Gregory McMichael told police the day of the shooting that he recognized Arbery from surveillance video of break-ins. From a police report obtained by The New York Times:
McMichael stated there have been several Break-ins in the neighborhood and further the suspect was caught on surveillance video. McMichael stated he was in his front yard and saw the suspect from the break-ins “hauling ass” down Satilla Drive toward Burford Drive. McMichael stated he then ran inside his house and called to Travis (McMichael) and said “Travis the guy is running down the street lets go”. McMichael stated he went to his bedroom and grabbed his .357 Magnum and Travis grabbed his shotgun because they ” didn’t know if the male was armed or not”. McMichael stated, “the other night” they saw the same male and he stuck his hand down his pants which lead them to believe the male was armed
The Times reported that the video was recorded by Roddie Bryan, whose lawyer said he shared the video with police before sharing it with Tucker and “anybody” who “wanted a copy.” During a press conference on Friday morning, Vic Reynolds, the head of the Georgia Bureau of Investigations, told reporters that “to my knowledge,” the video that has been circulating in the media is “the same video” investigators have been studying.
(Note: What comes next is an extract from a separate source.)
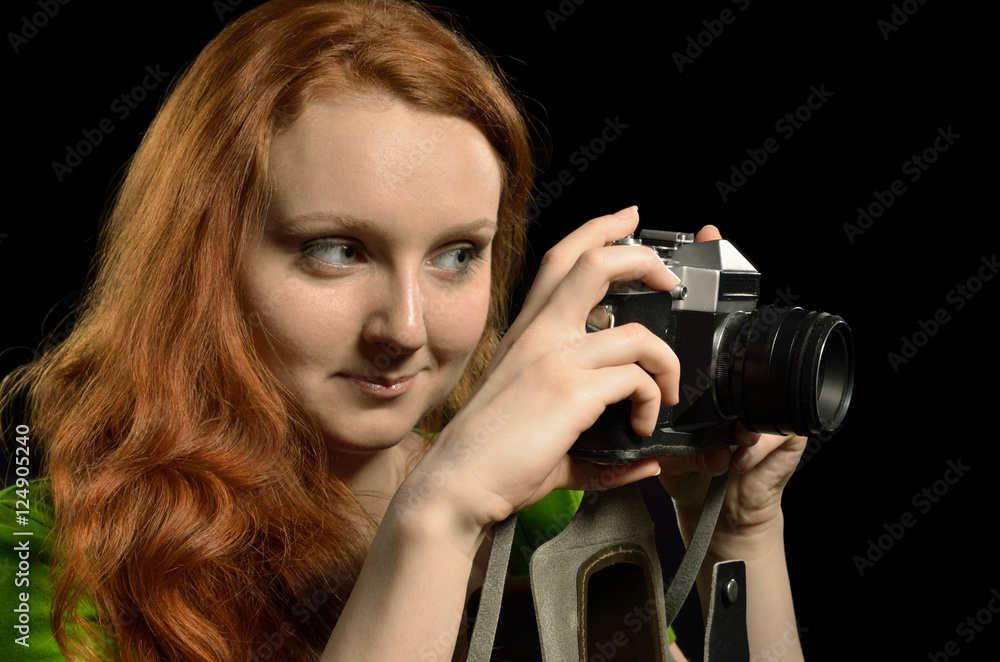 Pretty woman with an old film photocamera Pretty woman with an old film photocamera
While the police report obtained by The Times doesn’t explicitly mention anyone coming out of a house, Georgia Public Broadcasting reported on Friday that they had obtained two 9-1-1 calls from the day of the incident, including one call — from a person they’ve reported as Travis McMichael — in which a “guy in a house” is mentioned.
CALLER: There’s been break-ins out here. There’s a guy in a house right now. There’s a house under construction.
DISPATCHER: Do you have your address or the other — that house’s address?
CALLER: Uh, right at [omitted].
DISPATCHER: And you say someone’s breaking into it right now?
CALLER: No, it’s all open. It’s under construction and he’s running right now. There he goes right now.
DISPATCHER: OK. What is he doing?
CALLER: He’s running down the street.
DISPATCHER: Okay that’s fine I’ll get them out there. I just need to know what he was doing wrong. Was he just on the premises and not supposed to be?
CALLER: [Inaudible] and he’s been caught on the camera a bunch before at night. It’s kind of an ongoing thing out here.
According to an NBC News report from late April, Lee Merritt, an attorney for Arbery’s family, has said that it’s possible Arbery went through the frame of a house, which he emphasized did not constitute a crime or justify the shooting.
“That dwelling did not have doors or windows,” said Merritt. “Under the law in the state of Georgia, in order to commit a crime by entering someone’s dwelling, you have to break a seal, break a door, forcibly enter something that is otherwise locked.”
The other 9-1-1 call obtained by Georgia Public Broadcasting is from a person who the news agency reports as Gregory McMichael. During the recording, the caller can be heard giving a brief description of a suspect, his approximate location — although he says he “I don’t know what street we’re on” — and then shouting several things, including “stop!” and “Travis!”
It’s not clear if there are any other calls from that day. It also remains unclear at what point the 9-1-1 calls take place in relation to the moments in the video, which shows about thirty seconds of the altercation up to and including the fatal shooting.
In that video, Arbery appears to be running down a street in the direction of a white pickup truck. Gregory McMichael and Travis McMichael can be seen waiting at the truck, armed. When Arbery approaches the truck, he goes around the passenger side, and a struggle begins at the front of the truck between him and Travis McMichael, who is holding a shotgun. Moments later, Arbery is dead.
Gregory McMichael and Travis McMichael were charged with felony murder and aggravated assault on Thursday evening. No others have been charged, and the investigation remains ongoing.